As a kid growing up in Toronto, I spent a ton of time hanging upside down from the monkey bars in my backyard, skipping, playing wall ball and exploring the nearby ravine. (It was only two houses away but I always felt very adventurous when I played there.)
What I remember most about spring and summer was all the time I had for unstructured and unsupervised free play. During those hours, my brother and I figured stuff out for ourselves, whether it was practising a sport on our own, biking or playing under a favourite tree.
In retrospect I see how this was an extremely empowering, creative and important thing for us. We were able to do a lot of growing up during this “down time”.
Could we have done those things and learned the lessons we learned if our mom was watching from 20 feet away, eyeballing us and yelling “careful!” every few minutes?
We know kids need time to themselves to make mistakes without adults coaching and correcting them. Yet living in the city today, it doesn’t feel right to just send them out the door. It’s hard not to worry about their safety. Consequently, today’s kids don’t experience the freedom in play that we had.

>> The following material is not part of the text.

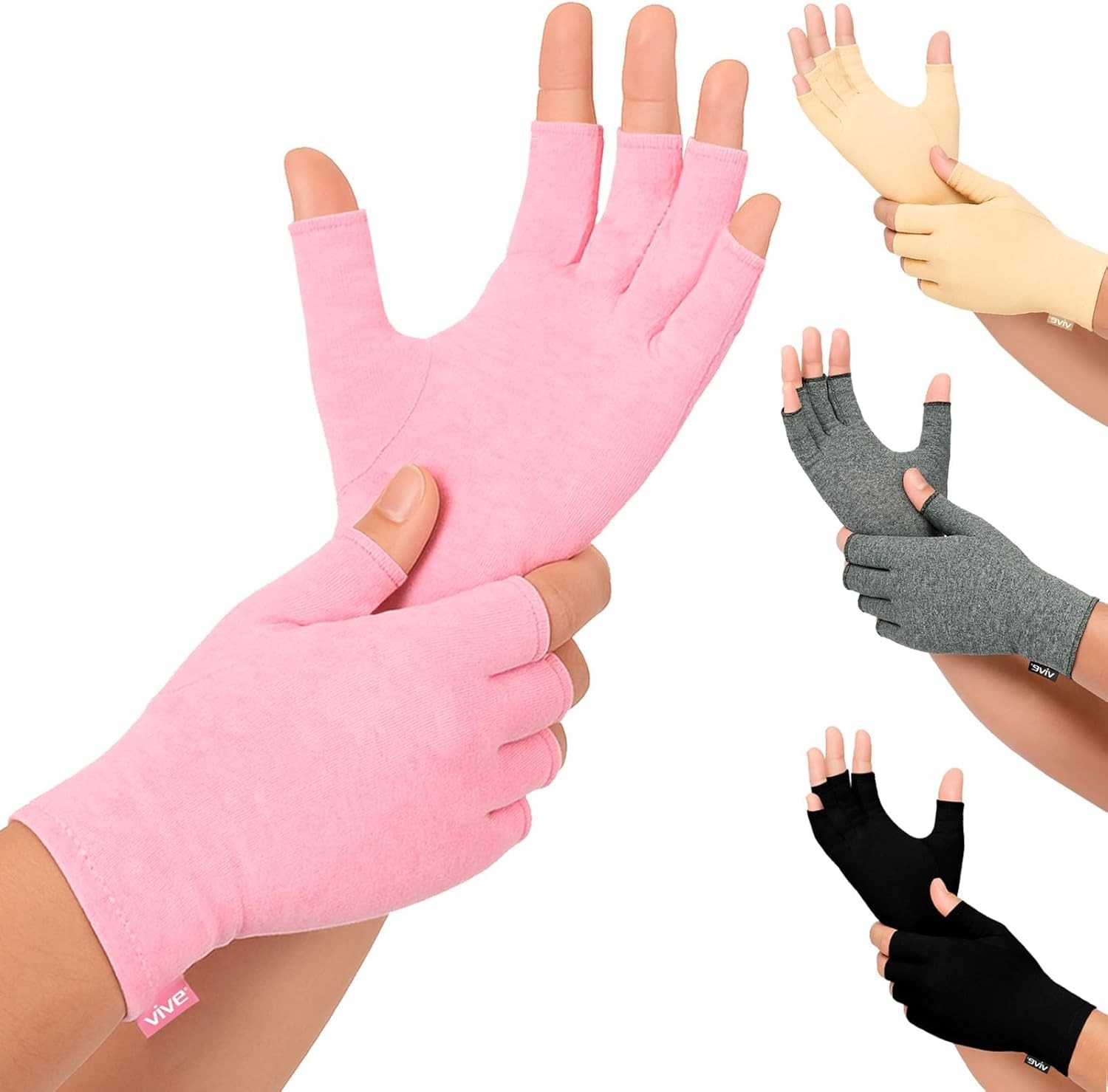 Pink Arthritis Hand Compression Gloves Comfortable Fit Men & Women Open Finger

Maybe this is why little kids are so drawn to the Max and Ruby cartoon characters. With the parents only ever seen in a photograph hanging on the wall, those little bunnies (who are 7 and 3 years old, for the record) are basically on their own.

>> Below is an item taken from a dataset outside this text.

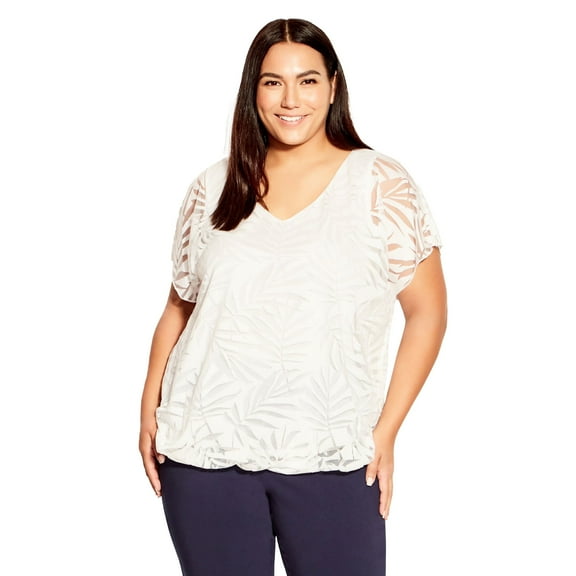 Avenue Women's Plus Size Elora Burnout Top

Their independence is thrilling and a little nerve-wracking. Just when it appears they’re over their heads, in swoops Grandma, a non-judgmental but steady adult, ready to alleviate the burden of too much responsibility.

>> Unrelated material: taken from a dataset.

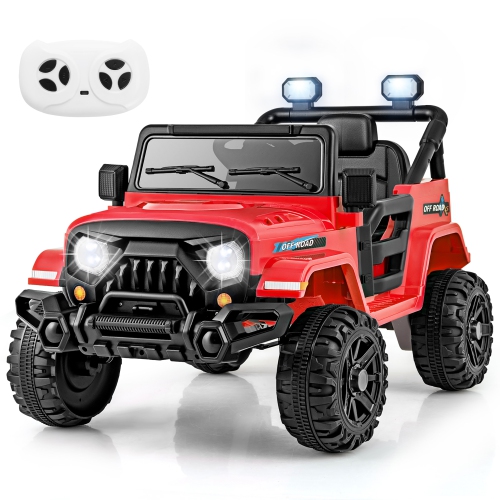 GYMAX  12V Kids Ride On Truck Car W/remote Control Threaded Wheels 3 Speeds Led Lights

That’s great for Max and Ruby and their parents clearly save a lot of money in childcare. In real life, my husband and I struggle to strike that balance between giving our kids some autonomy and keeping them safe.
But we can see they are starting to want to spread their wings more. So my goal for this summer is to loosen the reins a little. I’m going to do my best to give them more solo time and space without compromising our concerns for their security and safety.
The plan is to start by identifying small opportunities for outdoor independence. Don’t ask me what these will be but I’ll have my eyes open and will be looking out for them.
No, they won’t be allowed to travel the same radius from home that we did in the seventies. However, I’m hoping we can give them enough space and freedom that they can develop confidence and skills without us pulling a Max and Ruby-like parental vanishing act.
How much unsupervised space and freedom do you think kids should be given in city spaces? What are the limits? The dangers? The payoffs?